Records from a data collection:
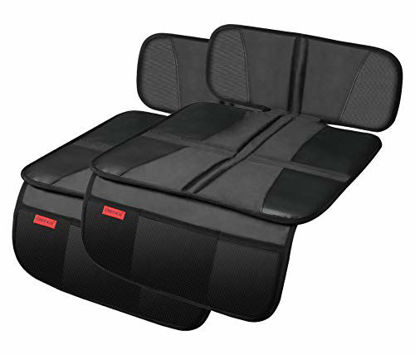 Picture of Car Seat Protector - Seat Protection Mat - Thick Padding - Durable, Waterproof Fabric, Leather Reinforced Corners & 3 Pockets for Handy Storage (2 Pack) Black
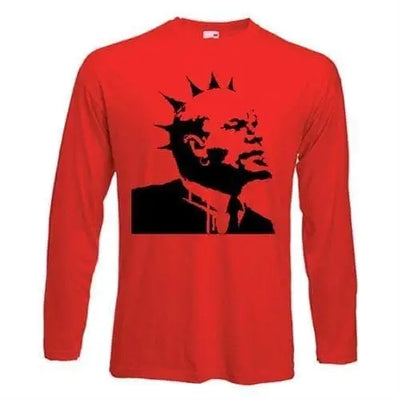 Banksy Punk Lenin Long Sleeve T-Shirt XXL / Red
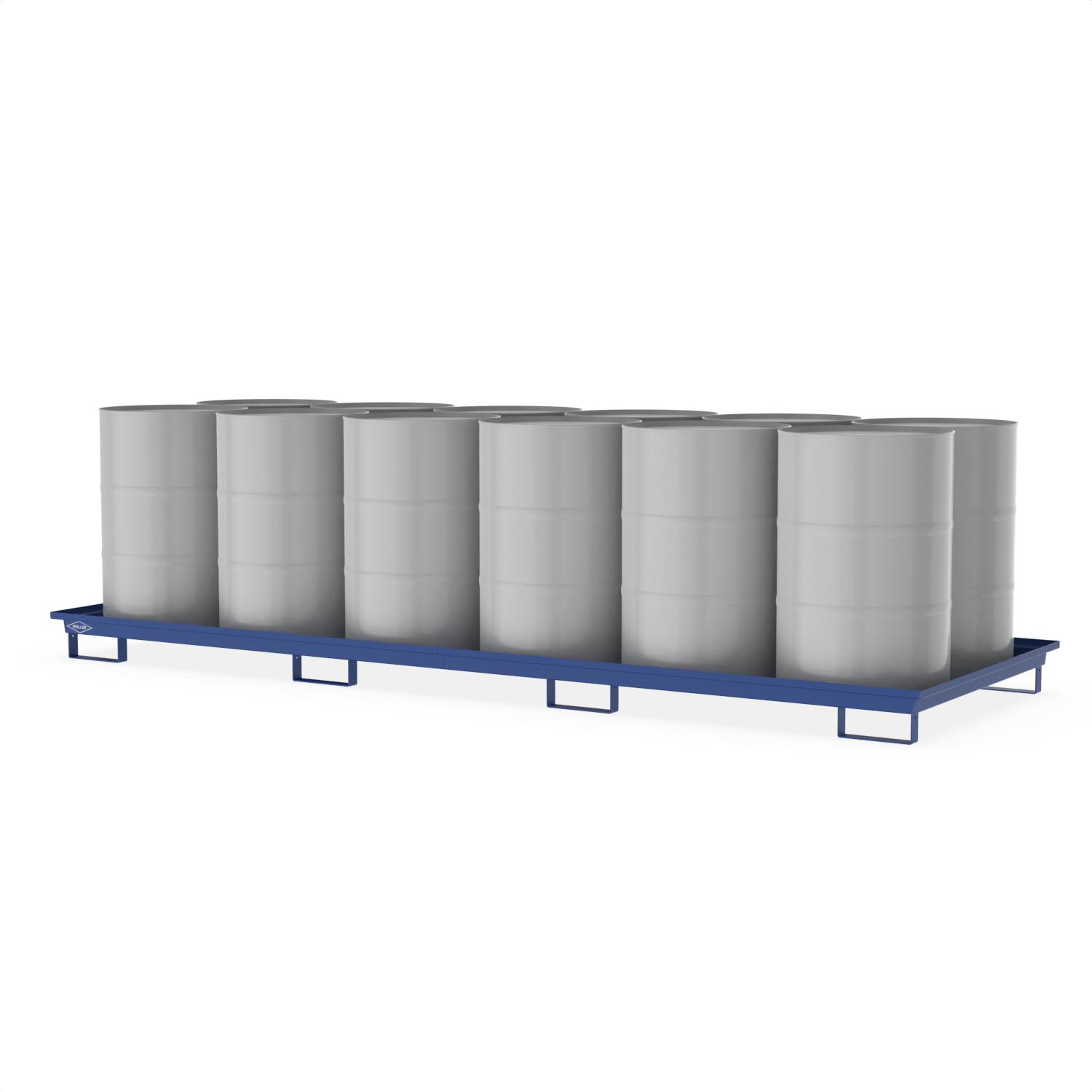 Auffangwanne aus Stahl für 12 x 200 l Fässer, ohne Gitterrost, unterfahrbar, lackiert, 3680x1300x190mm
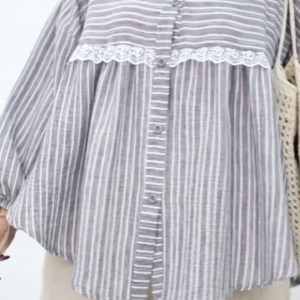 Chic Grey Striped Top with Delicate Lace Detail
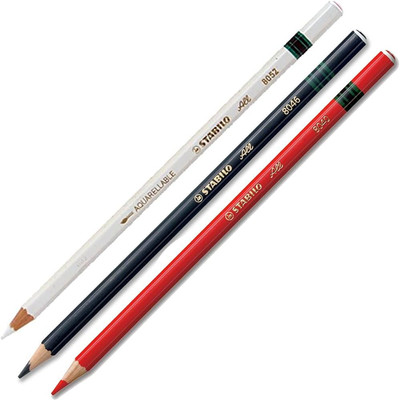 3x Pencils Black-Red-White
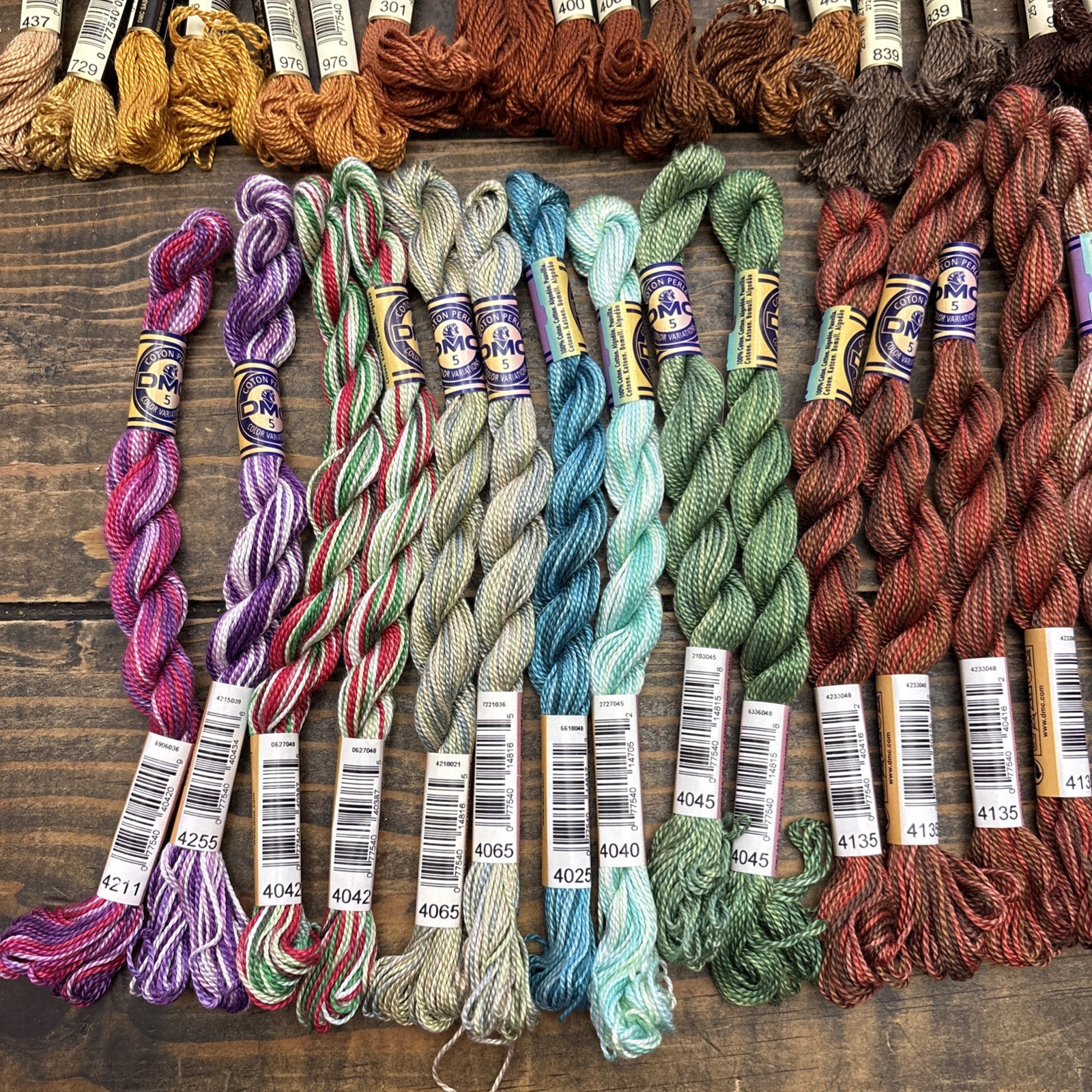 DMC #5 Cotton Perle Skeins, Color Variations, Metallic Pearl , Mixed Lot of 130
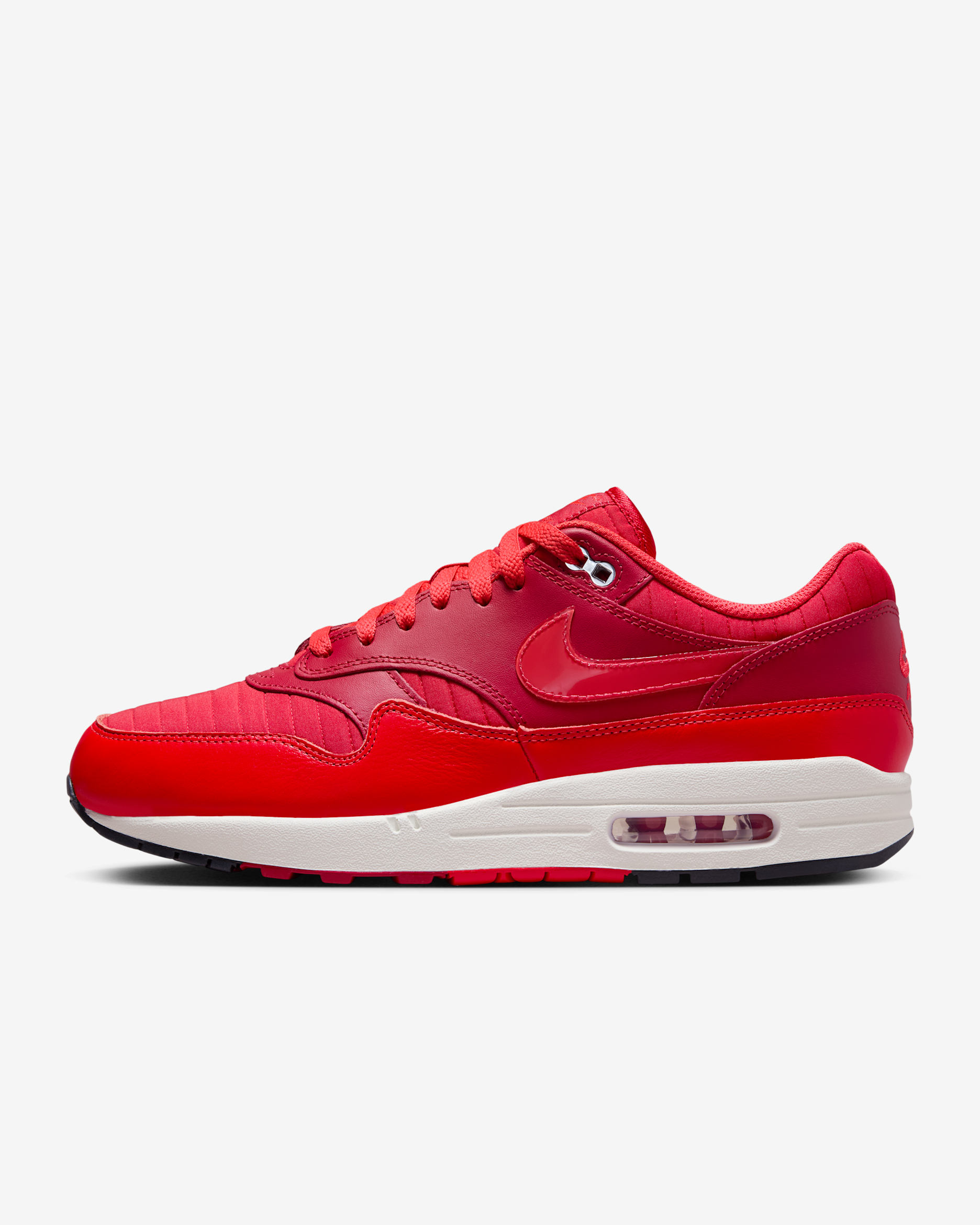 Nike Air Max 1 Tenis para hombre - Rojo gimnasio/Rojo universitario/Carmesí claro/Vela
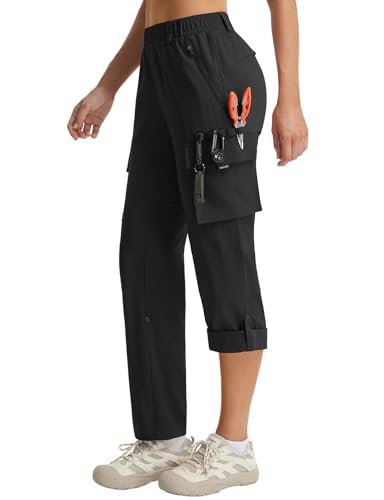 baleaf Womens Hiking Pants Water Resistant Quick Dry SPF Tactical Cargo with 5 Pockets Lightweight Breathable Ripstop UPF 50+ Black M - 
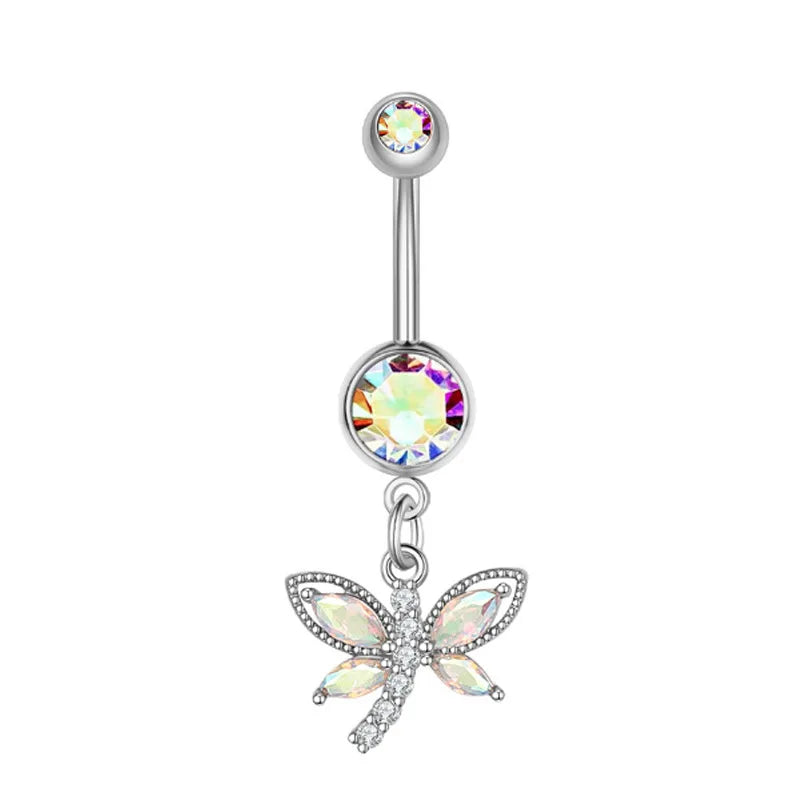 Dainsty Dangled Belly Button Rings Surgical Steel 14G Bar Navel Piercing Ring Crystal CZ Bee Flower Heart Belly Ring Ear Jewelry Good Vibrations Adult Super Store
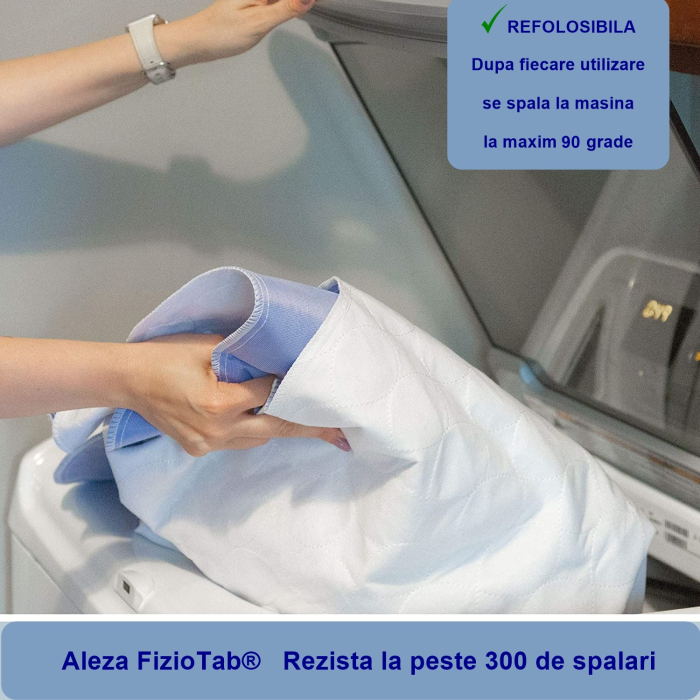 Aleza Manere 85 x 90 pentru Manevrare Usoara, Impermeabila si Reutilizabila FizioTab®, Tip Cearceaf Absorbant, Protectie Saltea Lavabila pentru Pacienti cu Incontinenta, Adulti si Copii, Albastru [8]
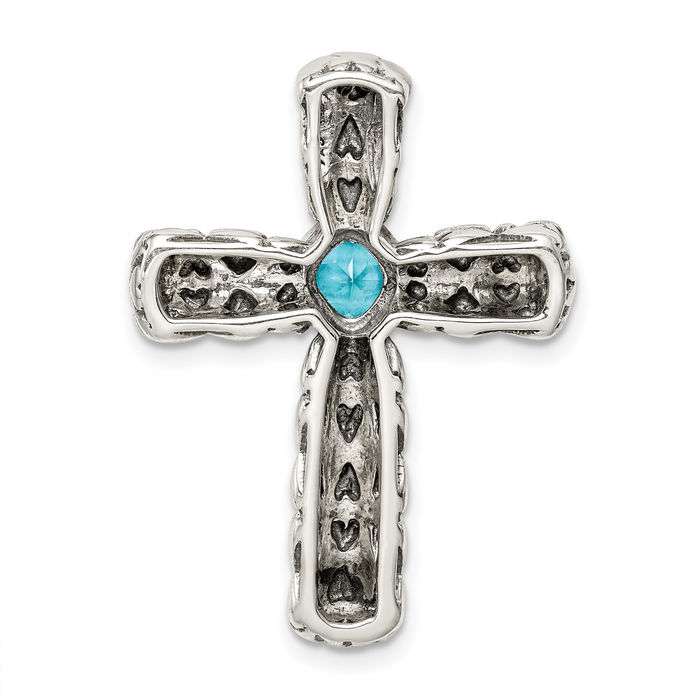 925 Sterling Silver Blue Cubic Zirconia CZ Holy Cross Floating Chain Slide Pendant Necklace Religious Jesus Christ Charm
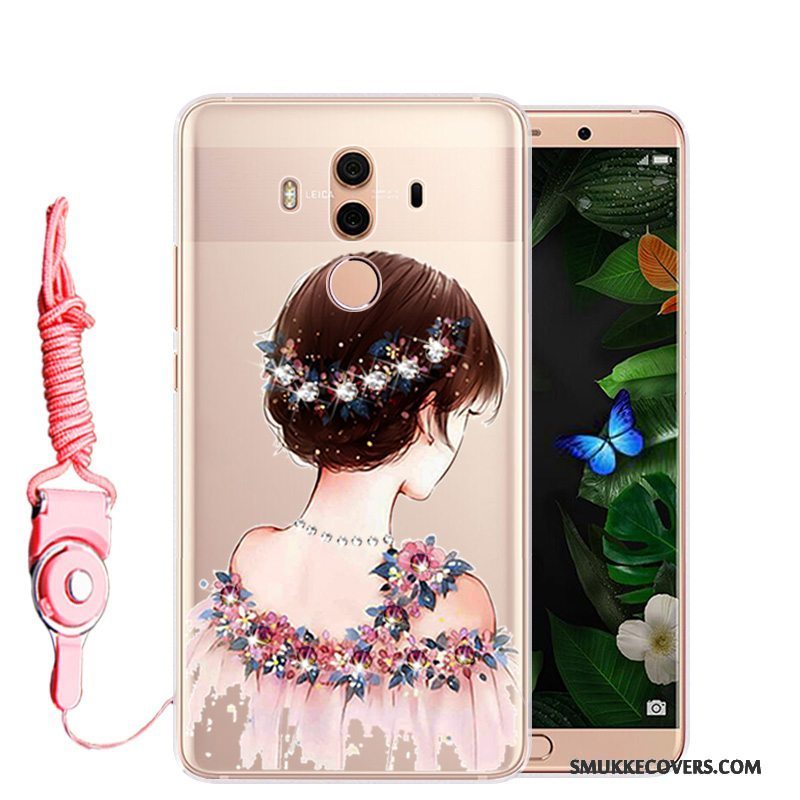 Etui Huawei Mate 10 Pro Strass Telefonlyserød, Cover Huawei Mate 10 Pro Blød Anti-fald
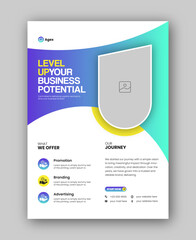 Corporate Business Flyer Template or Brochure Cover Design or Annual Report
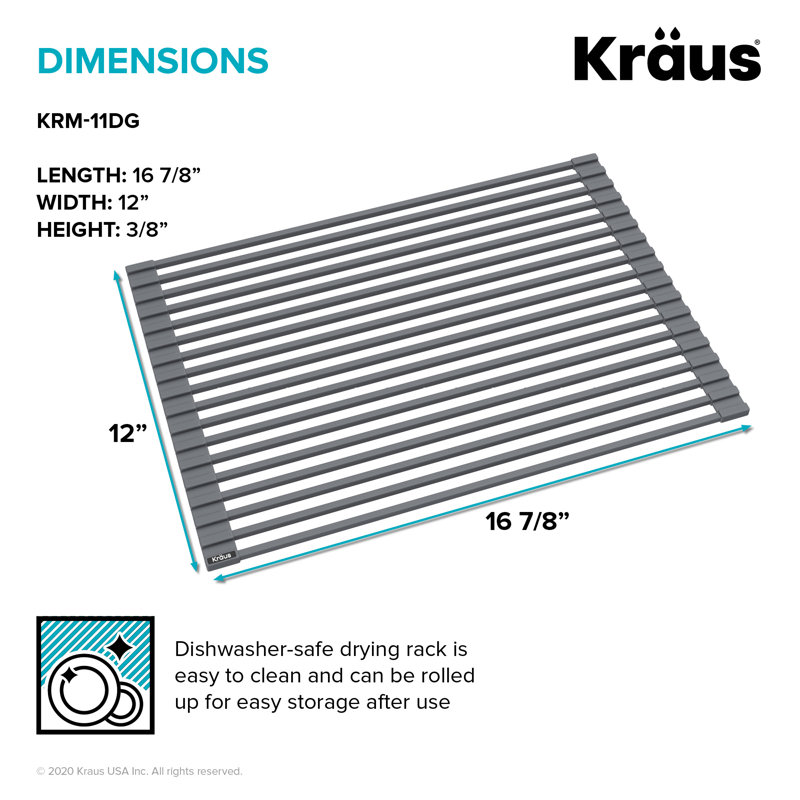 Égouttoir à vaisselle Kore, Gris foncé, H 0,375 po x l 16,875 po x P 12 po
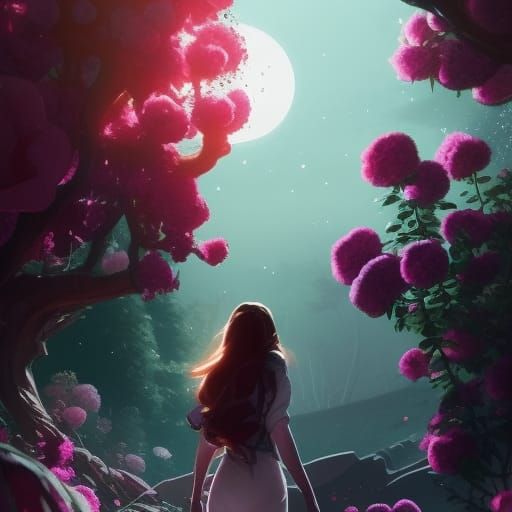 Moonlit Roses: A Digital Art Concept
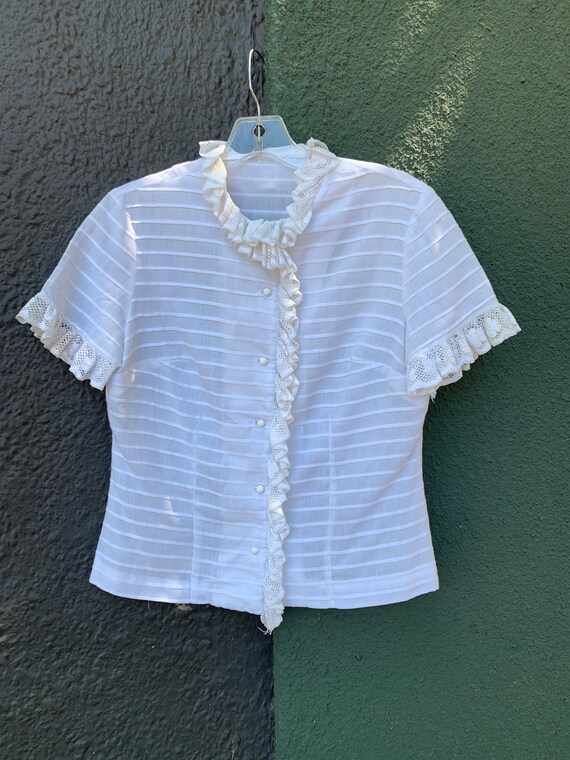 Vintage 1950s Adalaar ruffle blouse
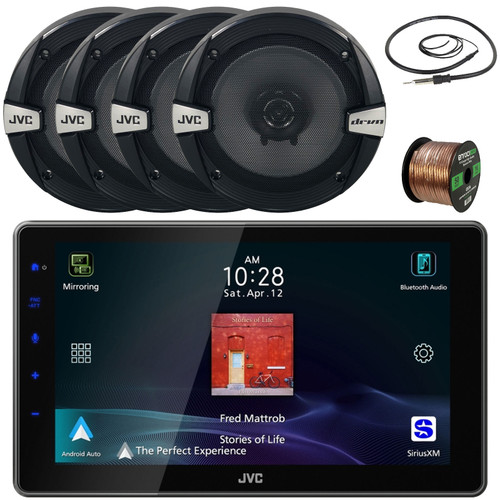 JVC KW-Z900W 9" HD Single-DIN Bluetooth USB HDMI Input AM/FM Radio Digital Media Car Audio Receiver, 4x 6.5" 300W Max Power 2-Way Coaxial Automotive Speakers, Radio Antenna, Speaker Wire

GOAL OF THE EXERCISE » Word for word, print out all of the records above; pass over the pictures.

SOLVED EXERCISE »
 Picture of Car Seat Protector - Seat Protection Mat - Thick Padding - Durable, Waterproof Fabric, Leather Reinforced Corners & 3 Pockets for Handy Storage (2 Pack) Black
 Banksy Punk Lenin Long Sleeve T-Shirt XXL / Red
 Auffangwanne aus Stahl für 12 x 200 l Fässer, ohne Gitterrost, unterfahrbar, lackiert, 3680x1300x190mm
 Chic Grey Striped Top with Delicate Lace Detail
 3x Pencils Black-Red-White
 DMC #5 Cotton Perle Skeins, Color Variations, Metallic Pearl , Mixed Lot of 130
 Nike Air Max 1 Tenis para hombre - Rojo gimnasio/Rojo universitario/Carmesí claro/Vela
 baleaf Womens Hiking Pants Water Resistant Quick Dry SPF Tactical Cargo with 5 Pockets Lightweight Breathable Ripstop UPF 50+ Black M - 
 Dainsty Dangled Belly Button Rings Surgical Steel 14G Bar Navel Piercing Ring Crystal CZ Bee Flower Heart Belly Ring Ear Jewelry Good Vibrations Adult Super Store
 Aleza Manere 85 x 90 pentru Manevrare Usoara, Impermeabila si Reutilizabila FizioTab®, Tip Cearceaf Absorbant, Protectie Saltea Lavabila pentru Pacienti cu Incontinenta, Adulti si Copii, Albastru [8]
 925 Sterling Silver Blue Cubic Zirconia CZ Holy Cross Floating Chain Slide Pendant Necklace Religious Jesus Christ Charm
 Etui Huawei Mate 10 Pro Strass Telefonlyserød, Cover Huawei Mate 10 Pro Blød Anti-fald
 Corporate Business Flyer Template or Brochure Cover Design or Annual Report
 Égouttoir à vaisselle Kore, Gris foncé, H 0,375 po x l 16,875 po x P 12 po
 Moonlit Roses: A Digital Art Concept
 Vintage 1950s Adalaar ruffle blouse
 JVC KW-Z900W 9" HD Single-DIN Bluetooth USB HDMI Input AM/FM Radio Digital Media Car Audio Receiver, 4x 6.5" 300W Max Power 2-Way Coaxial Automotive Speakers, Radio Antenna, Speaker Wire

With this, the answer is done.